Fall in Nepal is full of lights, with some of the most vibrant displays of color, in celebration of Dasain and Tihar. In villages, rice, flour, sand, and flowers are used to make “rangoli”, decorated patterns on the floor of homes that are intended to welcome various Hindu gods and goddesses. Celebrations are important for a country that is still recovering from natural disasters and a 10-year civil conflict that left many government health posts and primary care facilities in disarray.
This is the context that many of our patients live in.
Meet 19-year old Kamala Thami, who is pregnant for the first time. Kamala lives in Dolakha, one of the epicenters of the 2015 earthquakes. She is very excited to be pregnant. She says, “This is my new birth after surviving the disastrous earthquake. I am very happy that Community Health Worker (CHW) Sangita Khadka is visiting us for regular check ups.”
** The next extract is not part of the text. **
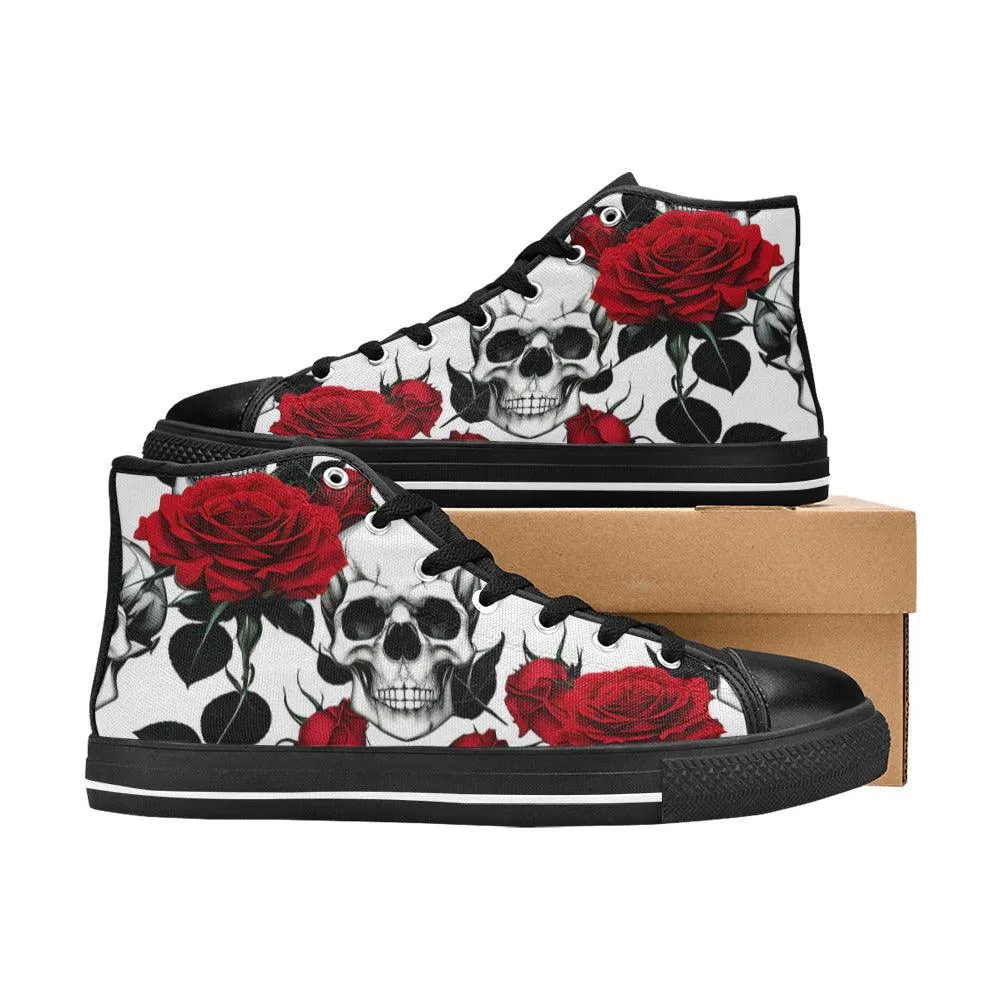 Skulls Roses Deluxe Women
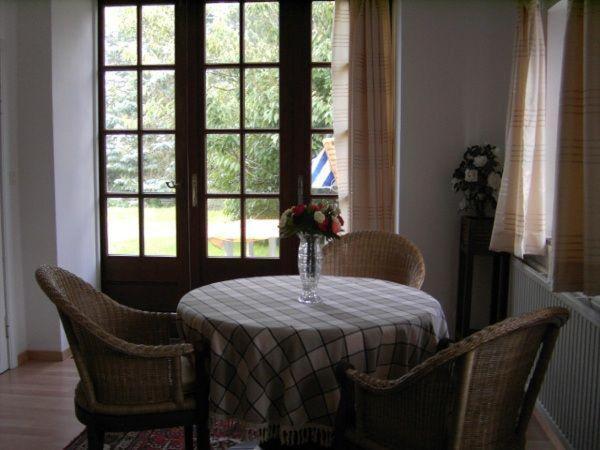 Hackerhof-Ostwohnung Morsum  Extérieur photo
Kamala shares that many women give birth to children at their homes out of tradition. There is a lack of education on safe delivery and some children die of preventable deaths, as a result. One woman, Parbati Thami, who comes from an agricultural family, has had two children die within three months of being born. Some expecting mothers continue to bear heavy loads, even through their pregnancy, but with more counseling, they know to take more caution.
With the expansion of the community healthcare program in their village, many women have stopped delivering at home and now deliver at Charikot Hospital.
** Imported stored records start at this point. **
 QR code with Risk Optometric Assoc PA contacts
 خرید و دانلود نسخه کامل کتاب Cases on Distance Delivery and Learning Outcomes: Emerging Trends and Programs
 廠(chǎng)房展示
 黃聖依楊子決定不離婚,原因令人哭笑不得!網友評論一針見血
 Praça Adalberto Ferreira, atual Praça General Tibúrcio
New mothers are also mentored and encouraged to breastfeed exclusively for the first six months, and to eat nutritious food to produce enough milk for the baby. In the past, many mothers believed that “wei wei”, an instant noodle that was packaged and sold in nearby stores, was more nutritious than steamed vegetables and meat that is locally available.
Through one-on-one consultations and group antenatal meetings, pregnant women like Kamala are able to access a wider support system, which can be life-saving in these hilly parts, where quality care often requires walking five hours, up and down mountains, to the nearest facility.
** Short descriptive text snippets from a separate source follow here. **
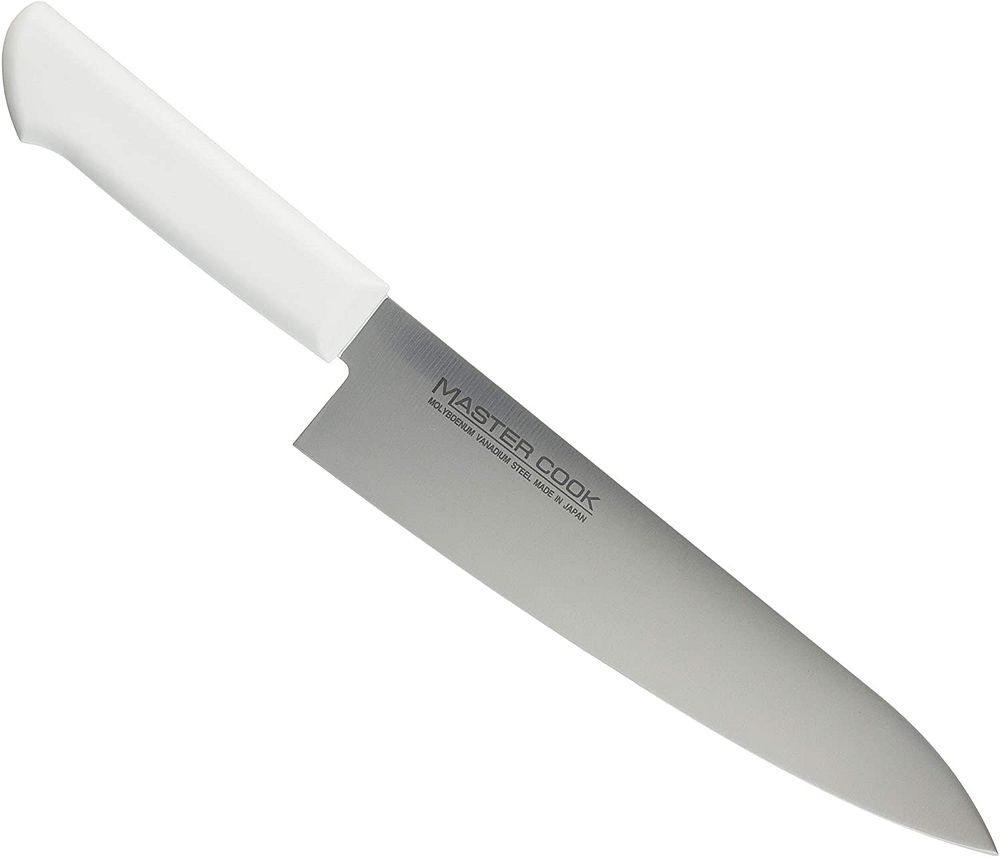 片岡製作所 MCDK210P マスターコック 洋出刃 210mm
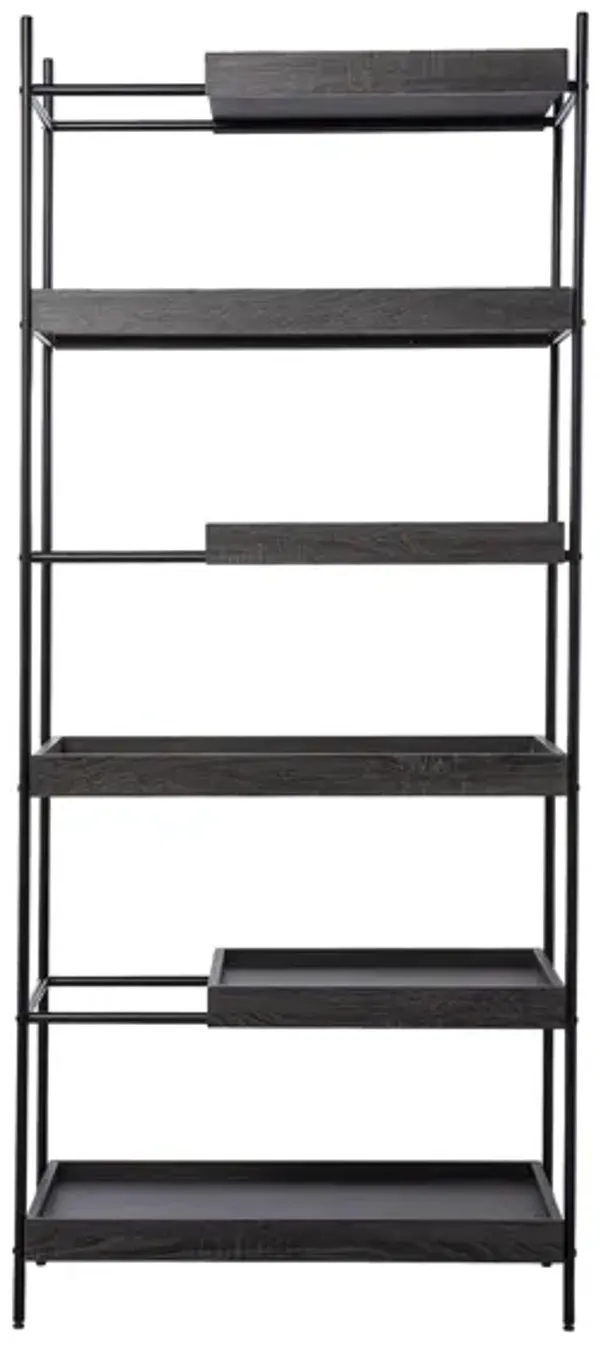 Stanhope Bookshelf/Etagere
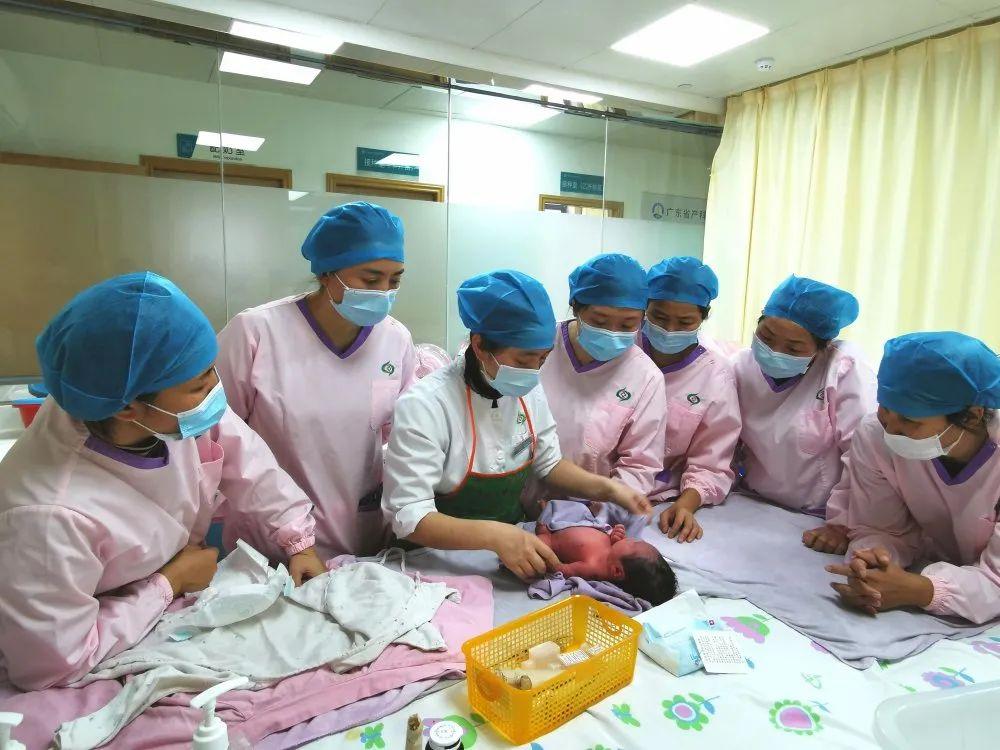 廉江市妇婴监护型护送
Patients like Kamala can now access preventative services in their homes, and plan for a facility birth well in advance. Institutional birth rate, a proxy for maternal mortality, has risen significantly in the catchment areas where Possible has worked the longest, from 30% to now 95%. In addition, CHWs are actively monitoring newborns through two years, and mortality rates have also gone down where CHWs have had a longitudinal presence.
Our vision is for our integrated healthcare model, that tracks and monitors reproductive, maternal, newborn and child health, to be adopted and scaled by the government, and for the learnings to be relevant to such health efforts in other low-resource settings.